Quando si tratta di propagandare i prodotti, alla Perugina dimostrano un’inventiva assoluta. Che non si esprime solo nella pubblicità, ma crea una serie di iniziative parallele per calamitare il pubblico (la clientela, cioè). Dopo i cartigli, infatti, viene la fortunatissima campagna delle figurine. Quelle figurine del Feroce Saladino e dei Quattro Moschettieri che vengono legate all’omonima trasmissione diffusa dall’Eiar a partire dall’ottobre 1934 e curata da Angelo Nizza e Alessandro Morbelli: raddoppiano gli abbonati radio e quasi triplicano le vendite Perugina. Il successo è troppo. Gli altri produttori reagiscono, mettono in discussione il sistema dei concorsi: quello del 1935, che mette in palio una Topolino, verrà addirittura bloccato dal governo. Oppure, più vicino a noi, la “commercializzazione del sentimento” con le feste dedicate alle figure familiari: è Perugina, nel 1959, a lanciare quella “della mamma”. Per non parlare di un Jumbo Alitalia con la fusoliera dipinta come un Bacio, o di un piroscafo con la medesima livrea.
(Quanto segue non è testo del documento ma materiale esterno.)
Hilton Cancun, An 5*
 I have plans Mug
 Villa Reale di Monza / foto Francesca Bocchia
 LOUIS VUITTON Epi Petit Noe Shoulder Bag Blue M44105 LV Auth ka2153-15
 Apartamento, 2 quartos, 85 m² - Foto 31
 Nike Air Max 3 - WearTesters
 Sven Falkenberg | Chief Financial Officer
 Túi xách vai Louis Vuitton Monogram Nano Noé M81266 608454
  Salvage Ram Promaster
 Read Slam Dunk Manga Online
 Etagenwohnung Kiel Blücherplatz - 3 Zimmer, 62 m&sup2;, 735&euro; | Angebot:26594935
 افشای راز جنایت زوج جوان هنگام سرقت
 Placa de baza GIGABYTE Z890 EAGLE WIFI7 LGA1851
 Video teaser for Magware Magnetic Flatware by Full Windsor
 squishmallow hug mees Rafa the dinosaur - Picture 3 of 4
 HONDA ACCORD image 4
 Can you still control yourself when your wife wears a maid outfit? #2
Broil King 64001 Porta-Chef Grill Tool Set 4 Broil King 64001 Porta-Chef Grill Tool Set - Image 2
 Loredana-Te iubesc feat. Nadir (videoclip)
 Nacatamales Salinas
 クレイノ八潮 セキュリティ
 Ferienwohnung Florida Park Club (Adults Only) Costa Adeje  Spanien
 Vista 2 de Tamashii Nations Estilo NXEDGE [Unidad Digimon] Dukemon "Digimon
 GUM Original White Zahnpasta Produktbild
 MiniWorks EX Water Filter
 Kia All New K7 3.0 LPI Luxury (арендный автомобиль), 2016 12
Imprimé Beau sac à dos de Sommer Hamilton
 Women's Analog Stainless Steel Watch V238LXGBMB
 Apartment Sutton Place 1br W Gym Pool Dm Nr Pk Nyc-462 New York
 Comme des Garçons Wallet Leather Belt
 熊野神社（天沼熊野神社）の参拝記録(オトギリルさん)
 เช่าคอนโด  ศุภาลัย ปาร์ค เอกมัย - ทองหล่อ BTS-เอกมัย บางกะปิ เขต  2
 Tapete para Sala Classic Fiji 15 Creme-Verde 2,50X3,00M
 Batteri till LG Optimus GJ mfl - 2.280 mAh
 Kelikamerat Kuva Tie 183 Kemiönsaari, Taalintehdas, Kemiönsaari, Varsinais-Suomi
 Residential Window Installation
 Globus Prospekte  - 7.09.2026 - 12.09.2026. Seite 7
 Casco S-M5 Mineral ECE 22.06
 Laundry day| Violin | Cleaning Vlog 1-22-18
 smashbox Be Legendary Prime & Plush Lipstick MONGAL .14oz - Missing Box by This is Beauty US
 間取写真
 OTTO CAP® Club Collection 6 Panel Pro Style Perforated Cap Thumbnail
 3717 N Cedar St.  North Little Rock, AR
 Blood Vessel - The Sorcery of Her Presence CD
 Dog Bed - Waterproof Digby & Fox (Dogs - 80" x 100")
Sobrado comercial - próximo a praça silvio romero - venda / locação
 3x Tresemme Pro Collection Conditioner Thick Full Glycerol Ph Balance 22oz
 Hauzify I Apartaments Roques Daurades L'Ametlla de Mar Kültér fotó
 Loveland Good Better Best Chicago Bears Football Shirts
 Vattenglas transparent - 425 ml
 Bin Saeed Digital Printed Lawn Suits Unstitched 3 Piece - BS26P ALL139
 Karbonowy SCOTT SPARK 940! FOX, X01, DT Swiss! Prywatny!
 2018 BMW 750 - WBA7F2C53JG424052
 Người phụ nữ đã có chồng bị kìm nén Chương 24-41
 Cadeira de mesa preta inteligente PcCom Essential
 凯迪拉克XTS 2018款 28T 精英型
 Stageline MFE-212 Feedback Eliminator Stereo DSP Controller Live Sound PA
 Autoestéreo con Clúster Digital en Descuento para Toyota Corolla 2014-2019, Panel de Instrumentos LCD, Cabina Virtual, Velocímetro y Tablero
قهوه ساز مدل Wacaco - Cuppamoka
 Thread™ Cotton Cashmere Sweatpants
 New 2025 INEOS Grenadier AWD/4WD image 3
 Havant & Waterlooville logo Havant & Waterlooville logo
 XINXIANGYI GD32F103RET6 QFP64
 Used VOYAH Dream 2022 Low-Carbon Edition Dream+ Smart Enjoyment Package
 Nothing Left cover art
L’accenno finale lo meritano i Caroselli in cui Perugina debutta nel 1957, non foss’altro che per una partecipazione di Frank Sinatra o per un delizioso pezzo di bravura di Vittorio Gassman con Anna Maria Ferrero, nel 1959: l’attore è corteggiato da chi gli chiede di interpretare una pubblicità, lui parte negandosi sdegnato, fa appello alla purezza dell’arte, poi, progressivamente, autodistrugge le proprie imperiose ragioni, si arrende al cospicuo compenso e conclude indossando una maglietta e un cappello col nome del prodotto da reclamizzare (che sono i Baci, ovviamente).